This is kind of the nub of the problem.  This statement would be inordinately more true with the removal of the word "affordable".  In fact, with the word "affordable" it may not be true at all.  I expect there is a nearly perfect negative correlation between cities with "affordable" housing statutes and cities with affordable housing.  Likewise, a nearly perfect positive correlation between cities that encourage affordable housing and cities with affordable housing.

Page 3:
During the 2001 recession, the net number of individuals leaving the region increased as expected, yet the exodus continued to accelerate through 2005, reversing course only recently (KE: 2009).
That reversal is likely due to increased utilization of the housing stock because there is little building in the rest of the country.  Since the constraints to building in Closed Access cities are regulatory and since those constraints maintain the value of land that is approved for development well above its alternative uses, the constraints created by national policies since the crisis have had a much more devastating effect on building in Open Access cities than they have in Closed Access cities.  Ironically, even though everyone was concerned about housing affordability, the policies we have imposed only continue to undercut homebuilding in the most affordable places.  Those also happen to be the places where the supposedly irrationally exuberant homebuyers were building before we imposed macro-prudence on them after 2005.

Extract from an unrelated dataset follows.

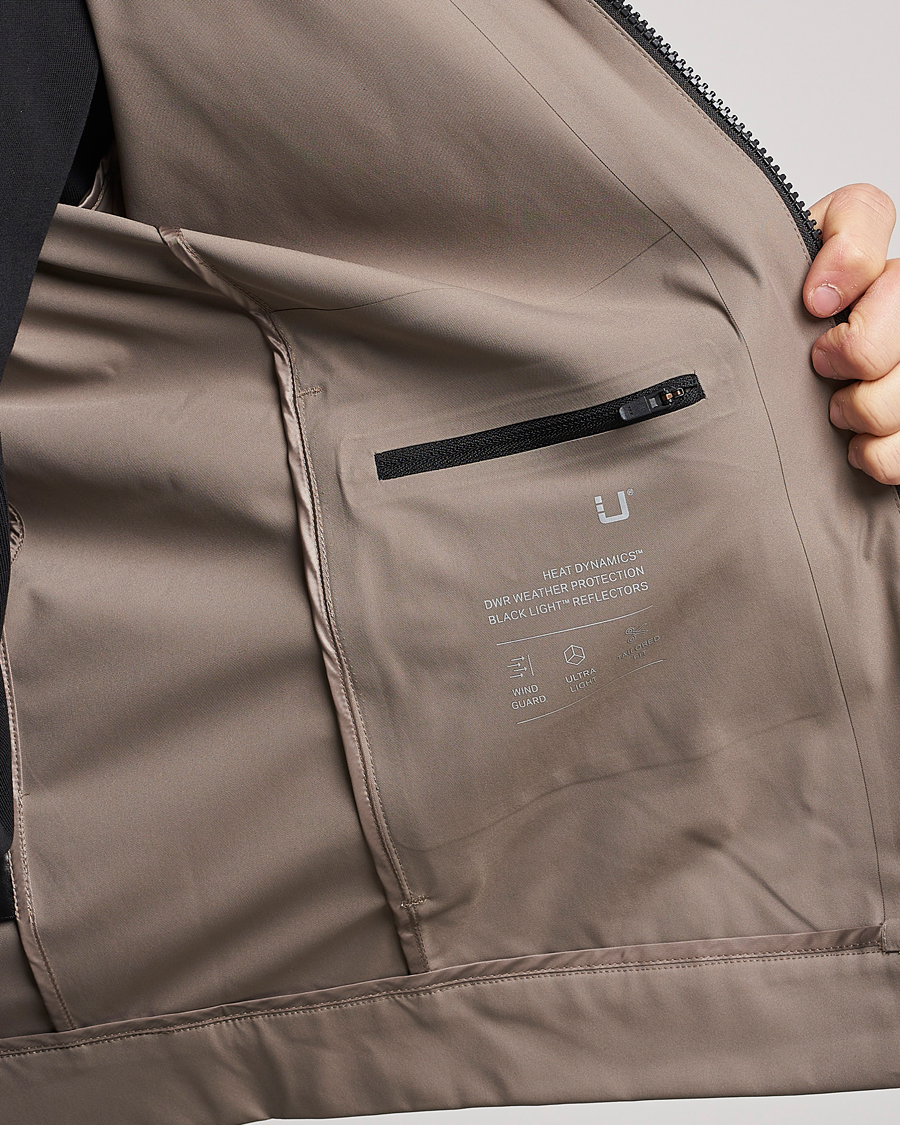 Hombres | Abrigos y chaquetas | UBR | Nano Jacket Driftwood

This explains the strange divergence of average new home prices from existing home prices and the subsequent convergence.  Seeing the housing boom from a credit-side perspective, it might have seemed as though the relative decline of new home prices was the result of an influx of many low income borrowers.  But, there weren't an influx of low income borrowers, in the aggregate.  This divergence was a product of location.  There are several ramifications of this.  I'll go into this some more in another post.


In this post, I want to go back to the finding in the paper from the Boston Fed.  They found that migration flows were sensitive to incomes in the late 1970s and 1980s, but that in more recent years, housing affordability has become more important while income has become less important.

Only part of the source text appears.